今日「先生と知り合ってそこそこ立ちますが、先生が自分のお師匠を悪しざまに言うのは聞いたことない。それは大事なことなのだと思うんです」といわれた。
それは別に自然なことである。
私が師匠の悪口を一つも言わないのは言うべき材料がないからだ。
ほかの誰でもいけない。
あの師あってこそ現に今の自分がいるのだ。
そう深く思っている。
尊天にみちびかれて出会った師だ。
だから感謝の外はなにもない。
転じて私は自分の選んだ師匠をあしざまに言う人は信じない。
私はそういう人を友と思わない。
たとえその時、私にどんなに良くしてくれても裏表があり、足をすくいかねぬ人間だとしか思わない。
何もあえて感じ悪く接する必要もないから、うわべは親しくしても心は違う。
同時に師を悪しざまに言うことは自分に学ぶべき人を見いだす目がないという証明だ。
一種の卑怯者である。
以前ある寺院であることから糾弾された人がいた。
私から見て別に糾弾されるようなことではないと思ったが、お上からの厳重なる注意もあり周囲はそう思わなかったようだ。
寺と言うところはお上に弱い。
今まで周囲も意に介さず黙っていたらしいが、これを機にその人を首謀者と言うべき悪者だとこぞって指弾した。
周囲が口を極めて悪くいう中、その人の弟子である某師はどれが何を言おうと決して同調して悪口は言わなかったという。
実に見るべき態度である。
蘇悉地羯羅経に「師の短を窺うなかれ」とある。
師を信じないものはその法も信じないものだ。
故に法は誰から受けても同じではない。
受けるべき人から受けるべきだ。
入門時にこの一句を師匠は「なぜそういうかわかるか?」と聞かれた。
そして「短は誰でもある。
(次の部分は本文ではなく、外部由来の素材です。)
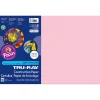 Tru-Ray® Construction Paper, Pink, 12" x 18" - 50 Sheets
たとえ師だと言っても短所があるのが当たり前。
それが人間だ。
だが、そこにひっかかっていては心より信じて法を受け入れることもできなくなる。
信じることのできない法は役には立たない。」と
数十年前のこと、私を悪しざまに言ったある弟子がいた。
私は身におぼえがないので「なぜそういうことを言うのか?」と聞くべく、呼んだらもう、平伏してひたすら、すみません すみませんというだけで
わけわからない。
席について茶を飲めと勧めても座らない。
終いに面倒なので頭の上からお茶をかけて言った。
「お前さんも自分の師匠を批判できるとは偉くなったものだね。
私のことはどこでだれにどんなに悪く言っても構わないよ。いくらでも言え。
だがひとつだけ注意なさい。
私の耳にだけには入らぬようにということを。
今度聞こえてきたその時はそのぶんではおかぬから。」
まあ、若気の至りだが思えば乱暴なことをしたものだ。
今反省すればこんなことをしたのもある意味どう接すべきかがわからず怖かったんだろうと思う。